» **TASK OBJECTIVE**:
Rewrite the full material exactly; no line may be skipped.

» **RECORDS SHOWN**:
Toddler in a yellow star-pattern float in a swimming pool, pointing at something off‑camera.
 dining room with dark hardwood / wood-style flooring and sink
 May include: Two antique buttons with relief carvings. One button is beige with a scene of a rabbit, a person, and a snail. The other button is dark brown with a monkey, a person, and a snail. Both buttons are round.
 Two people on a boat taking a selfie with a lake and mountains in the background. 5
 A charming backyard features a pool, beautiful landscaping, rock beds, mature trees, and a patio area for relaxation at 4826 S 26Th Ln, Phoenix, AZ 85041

» **EXPECTED OUTPUT**:
Toddler in a yellow star-pattern float in a swimming pool, pointing at something off‑camera.
 dining room with dark hardwood / wood-style flooring and sink
 May include: Two antique buttons with relief carvings. One button is beige with a scene of a rabbit, a person, and a snail. The other button is dark brown with a monkey, a person, and a snail. Both buttons are round.
 Two people on a boat taking a selfie with a lake and mountains in the background. 5
 A charming backyard features a pool, beautiful landscaping, rock beds, mature trees, and a patio area for relaxation at 4826 S 26Th Ln, Phoenix, AZ 85041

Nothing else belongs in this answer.